Consider call logs from customer interactions. Historically, information associated with call logs has been along the lines of, “You had a call on this day, at this time, from this number, it lasted this long and, if the call has been recorded, here’s the download button.” That’s all well and good — if you want to know about the phone system. VoiceBase is about telling a company how the business is doing, said Jay Blazensky, VoiceBase co-founder, during a post EC call. As an example of the sort of useful information it can provide: “Hey, small business, you had 412 calls yesterday — 17 resulted in appointments but 32 were from people who sound like they’re going to leave you.” With this insight in hand, that company could take actions to boost the in-person experience of the 17 and to reduce the churn of the 32.
A few factors are coming together to make speech analytics at enterprise scale a reality. For one, the analytics capability is getting more sophisticated by the day. VoiceBase uses a neural networks-based engine, which helps in the custom vocabulary capability it has built into its speech recognition API, for example.
Parallel processing makes a huge difference as well. The ability to process huge traffic loads in parallel across cloud-resident servers turns jobs that used to take hours, if not days, into near-real-time activities. And, because cloud resources are always there for the taking, high-priority jobs can run during the day and low-priority jobs during off-hours — and the costs can be balanced out accordingly for affordability across the board, said Walter Bachtiger, VoiceBase founder and CEO, who I spoke with at Signal, the communications API developers’ conference that Twilio hosted in San Francisco this week.

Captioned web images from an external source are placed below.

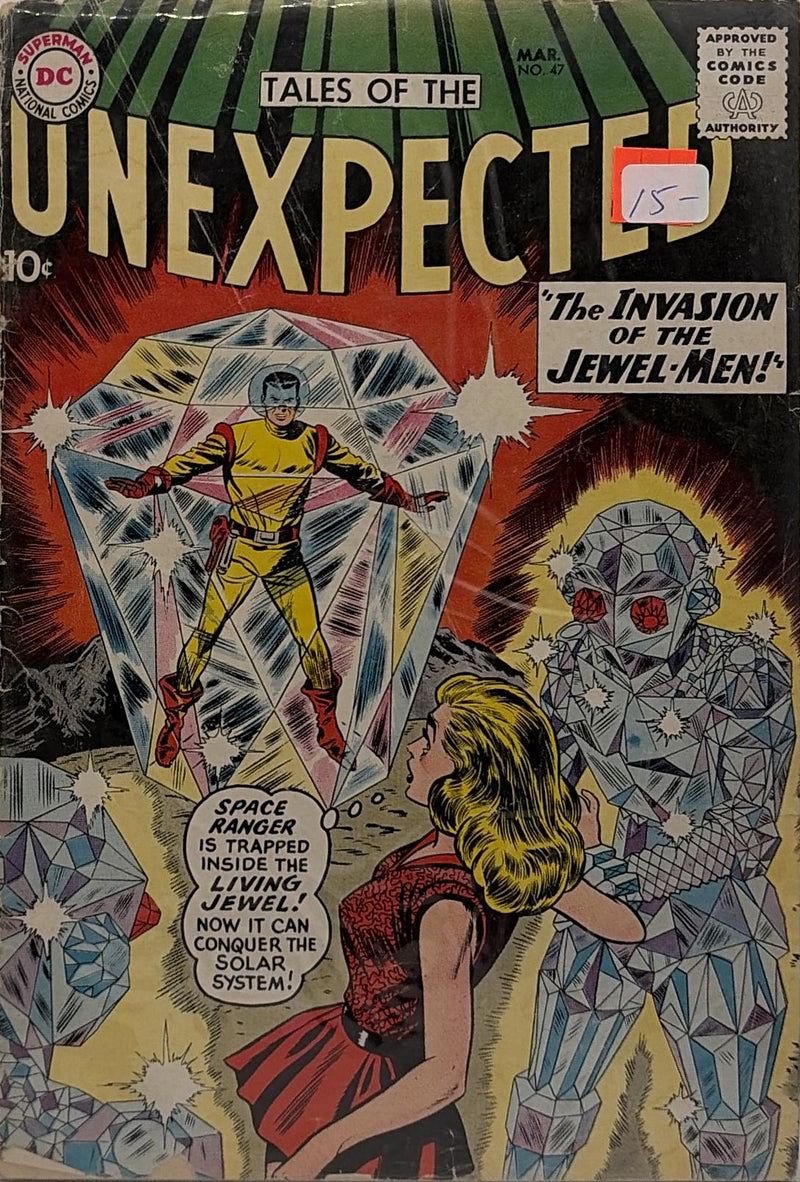 Tales of the Unexpected #47 — front cover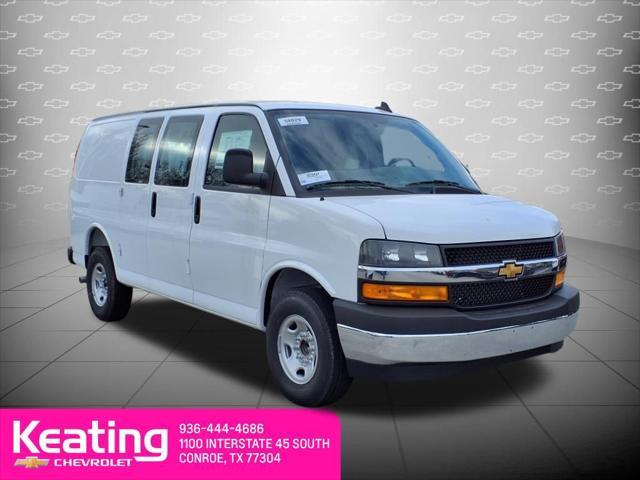 new 2025 Chevrolet Express 2500 car, priced at $45,993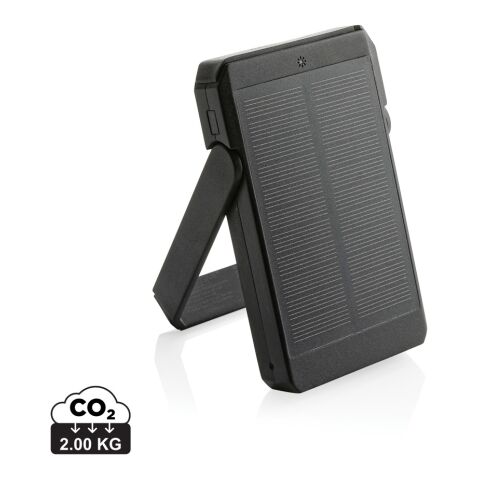 Batería solar Skywave RCS rplastic 5000 mah 10W inalámbrica negro | sin montaje de publicidad | no disponible | no disponible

Telecom APIs, and the programmatic call control they enable, are critical as well, Jay Blazensky noted during a Signal session titled, “How To Build Speech Analytics Into Any Platform.” Twilio, largely credited for popularizing the communications API market, has upped the speech analytics game with a dual-channel recording capability now available for its Programmable Voice API.
Historically, call recordings have been mono channel, which has made distinguishing who has said what quite difficult, explained Nisha George, a Twilio associate product manager, during the speech analytics session. That’s been so difficult, in fact, that it’s led to this statistic George cited: Only 5% of customer calls get analyzed today. With dual-channel recordings, the ability to analyze the customer’s voice is now much easier — making it Twilio’s mission to move that percentage of analyzed calls to 100, she added.
In the case of a Twilio-VoiceBase scenario, Twilio records calls at scale, and sends those recordings to VoiceBase, via a RESTful API, to do the speech recognition and analytics processing. Using the results, enterprises can then enrich their business intelligence initiatives by attaching the spoken data to their big data, Blazensky said. His conclusion: “It’s open season on call recordings.”